Bluemix to Blueshop: girls that code
At the Watson Developer Conference we were introduced to Michelle Liang, Karen Supandi, and Madison Gong, alumni from the Girls That Code course. They introduced us to the programme, and the incredible site they created in just two weeks, after five weeks of training on the IBM Silicon Valley Girls Who Code programme.
The GWC programme is dedicated to closing the gender gap in coding, and is aimed at young women with little to no experience of coding. Michelle, Karen and Madison all met on the Summer Immersion Programme, and spent seven weeks together learning Scratch, Python, C++, HTML, and Java.
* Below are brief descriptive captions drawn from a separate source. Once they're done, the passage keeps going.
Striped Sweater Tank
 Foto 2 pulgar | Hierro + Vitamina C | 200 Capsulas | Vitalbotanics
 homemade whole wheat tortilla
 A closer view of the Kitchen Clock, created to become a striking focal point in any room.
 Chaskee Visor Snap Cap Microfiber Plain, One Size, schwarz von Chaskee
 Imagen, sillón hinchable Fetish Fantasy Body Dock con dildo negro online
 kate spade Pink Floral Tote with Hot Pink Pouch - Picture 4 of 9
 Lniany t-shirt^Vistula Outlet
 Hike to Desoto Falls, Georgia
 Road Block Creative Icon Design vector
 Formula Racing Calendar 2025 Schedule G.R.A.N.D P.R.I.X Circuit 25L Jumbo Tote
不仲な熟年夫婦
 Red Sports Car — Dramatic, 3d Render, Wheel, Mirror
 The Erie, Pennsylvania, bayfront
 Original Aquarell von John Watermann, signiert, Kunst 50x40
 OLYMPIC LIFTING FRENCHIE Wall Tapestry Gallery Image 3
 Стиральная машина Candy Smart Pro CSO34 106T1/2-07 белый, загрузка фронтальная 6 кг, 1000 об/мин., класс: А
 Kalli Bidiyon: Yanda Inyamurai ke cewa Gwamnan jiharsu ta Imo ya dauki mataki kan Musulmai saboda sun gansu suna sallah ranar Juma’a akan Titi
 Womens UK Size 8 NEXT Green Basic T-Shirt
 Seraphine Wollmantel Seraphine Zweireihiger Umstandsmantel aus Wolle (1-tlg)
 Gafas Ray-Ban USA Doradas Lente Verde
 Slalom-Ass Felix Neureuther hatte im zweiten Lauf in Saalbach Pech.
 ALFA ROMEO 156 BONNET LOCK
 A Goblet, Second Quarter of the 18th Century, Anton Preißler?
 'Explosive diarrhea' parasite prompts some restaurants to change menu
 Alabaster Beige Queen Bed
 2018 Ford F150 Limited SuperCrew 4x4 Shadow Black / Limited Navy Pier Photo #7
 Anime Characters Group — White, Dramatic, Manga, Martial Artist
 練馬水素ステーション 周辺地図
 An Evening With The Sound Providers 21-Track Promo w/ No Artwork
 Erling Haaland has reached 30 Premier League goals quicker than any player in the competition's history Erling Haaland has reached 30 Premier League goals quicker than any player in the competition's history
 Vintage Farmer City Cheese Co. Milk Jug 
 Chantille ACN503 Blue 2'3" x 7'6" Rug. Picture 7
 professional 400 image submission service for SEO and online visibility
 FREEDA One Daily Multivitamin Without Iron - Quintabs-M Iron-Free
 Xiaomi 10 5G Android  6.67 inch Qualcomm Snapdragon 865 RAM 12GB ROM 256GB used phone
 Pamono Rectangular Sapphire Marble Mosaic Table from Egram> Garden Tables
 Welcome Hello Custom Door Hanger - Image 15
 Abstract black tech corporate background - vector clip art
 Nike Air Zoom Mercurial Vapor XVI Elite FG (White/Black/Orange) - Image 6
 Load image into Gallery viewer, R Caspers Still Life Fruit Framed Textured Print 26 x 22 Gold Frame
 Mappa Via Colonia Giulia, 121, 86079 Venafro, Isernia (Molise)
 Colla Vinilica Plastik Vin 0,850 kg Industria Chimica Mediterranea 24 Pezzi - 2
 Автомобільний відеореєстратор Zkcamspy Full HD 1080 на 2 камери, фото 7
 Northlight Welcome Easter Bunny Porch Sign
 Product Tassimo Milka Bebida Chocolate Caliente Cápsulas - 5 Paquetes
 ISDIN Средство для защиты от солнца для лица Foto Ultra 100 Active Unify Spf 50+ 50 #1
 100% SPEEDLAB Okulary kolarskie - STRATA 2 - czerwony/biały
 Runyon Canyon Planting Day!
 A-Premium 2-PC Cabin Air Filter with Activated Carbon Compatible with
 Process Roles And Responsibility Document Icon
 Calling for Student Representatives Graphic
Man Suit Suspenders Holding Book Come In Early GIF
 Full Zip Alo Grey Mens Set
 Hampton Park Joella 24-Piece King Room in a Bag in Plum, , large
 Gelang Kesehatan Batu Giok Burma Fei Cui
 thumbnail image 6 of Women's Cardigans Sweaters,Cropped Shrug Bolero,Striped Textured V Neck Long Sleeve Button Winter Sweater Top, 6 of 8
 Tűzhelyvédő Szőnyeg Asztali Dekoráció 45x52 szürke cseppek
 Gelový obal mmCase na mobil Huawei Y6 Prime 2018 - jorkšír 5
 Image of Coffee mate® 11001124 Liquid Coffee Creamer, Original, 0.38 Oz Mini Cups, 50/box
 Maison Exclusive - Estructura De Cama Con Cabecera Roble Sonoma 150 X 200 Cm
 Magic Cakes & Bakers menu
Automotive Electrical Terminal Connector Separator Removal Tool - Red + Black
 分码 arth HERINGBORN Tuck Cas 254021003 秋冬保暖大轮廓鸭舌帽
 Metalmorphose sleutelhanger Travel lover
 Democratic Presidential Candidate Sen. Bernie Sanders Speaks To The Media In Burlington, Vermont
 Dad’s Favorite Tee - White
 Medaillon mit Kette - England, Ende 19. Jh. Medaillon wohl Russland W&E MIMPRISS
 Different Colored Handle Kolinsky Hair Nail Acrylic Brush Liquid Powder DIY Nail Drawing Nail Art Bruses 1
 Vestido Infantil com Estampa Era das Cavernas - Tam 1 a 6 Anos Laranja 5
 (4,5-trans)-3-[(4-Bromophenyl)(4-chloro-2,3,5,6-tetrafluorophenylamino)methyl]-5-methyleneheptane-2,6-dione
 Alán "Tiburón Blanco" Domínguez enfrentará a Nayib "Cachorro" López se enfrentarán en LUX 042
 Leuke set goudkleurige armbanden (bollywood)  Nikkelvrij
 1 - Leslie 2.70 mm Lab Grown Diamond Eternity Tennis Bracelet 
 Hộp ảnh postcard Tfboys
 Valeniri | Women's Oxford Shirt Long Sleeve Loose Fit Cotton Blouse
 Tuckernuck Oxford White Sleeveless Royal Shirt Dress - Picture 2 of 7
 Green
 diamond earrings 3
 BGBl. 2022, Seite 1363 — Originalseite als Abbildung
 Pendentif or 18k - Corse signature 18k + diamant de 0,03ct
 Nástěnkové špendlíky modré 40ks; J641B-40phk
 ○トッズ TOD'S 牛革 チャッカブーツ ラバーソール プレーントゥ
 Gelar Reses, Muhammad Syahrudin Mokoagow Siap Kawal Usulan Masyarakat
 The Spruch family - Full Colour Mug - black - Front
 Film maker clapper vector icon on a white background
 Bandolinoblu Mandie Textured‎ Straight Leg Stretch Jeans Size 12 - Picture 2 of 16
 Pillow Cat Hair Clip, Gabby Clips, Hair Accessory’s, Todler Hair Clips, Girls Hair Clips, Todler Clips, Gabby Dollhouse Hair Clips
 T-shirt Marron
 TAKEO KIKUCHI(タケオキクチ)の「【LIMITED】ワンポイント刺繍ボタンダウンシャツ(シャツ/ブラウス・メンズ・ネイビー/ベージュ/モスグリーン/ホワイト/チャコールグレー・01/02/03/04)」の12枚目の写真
They had the opportunity to meet guest speakers including IBMers and developers from Paypal and Amazon. They had field trops to cyber security events, and visted IBM research labs to meet fellows, in their words – super cool!
“We all came in with no knowledge, I wanted to be a part of a programme that inspires women and teaches them how to code. It taught me how wide and diverse the developer community is. And everyone was so supportive and helpful, I didn’t feel intimidated at all.”
After five weeks of learning, every participant has two weeks to deliver a project that encompasses everything they’ve learnt.
Blueshop: A centralised platform for all your promotional needs
Michelle, Karen, and Madison decided to tackle the problem of cluttered inboxes from endless shop and store promotions, never being able to find the relevant ones when they needed them. Their solution was to create a website to help view promotions from your favourite stores, delivered to the site from Facebook and Twitter store feeds.
“Blueshop is a centralised platform to show you offers and promotions from your favourite stores, helping you know what’s on offer without dealing with your cluttered inbox.”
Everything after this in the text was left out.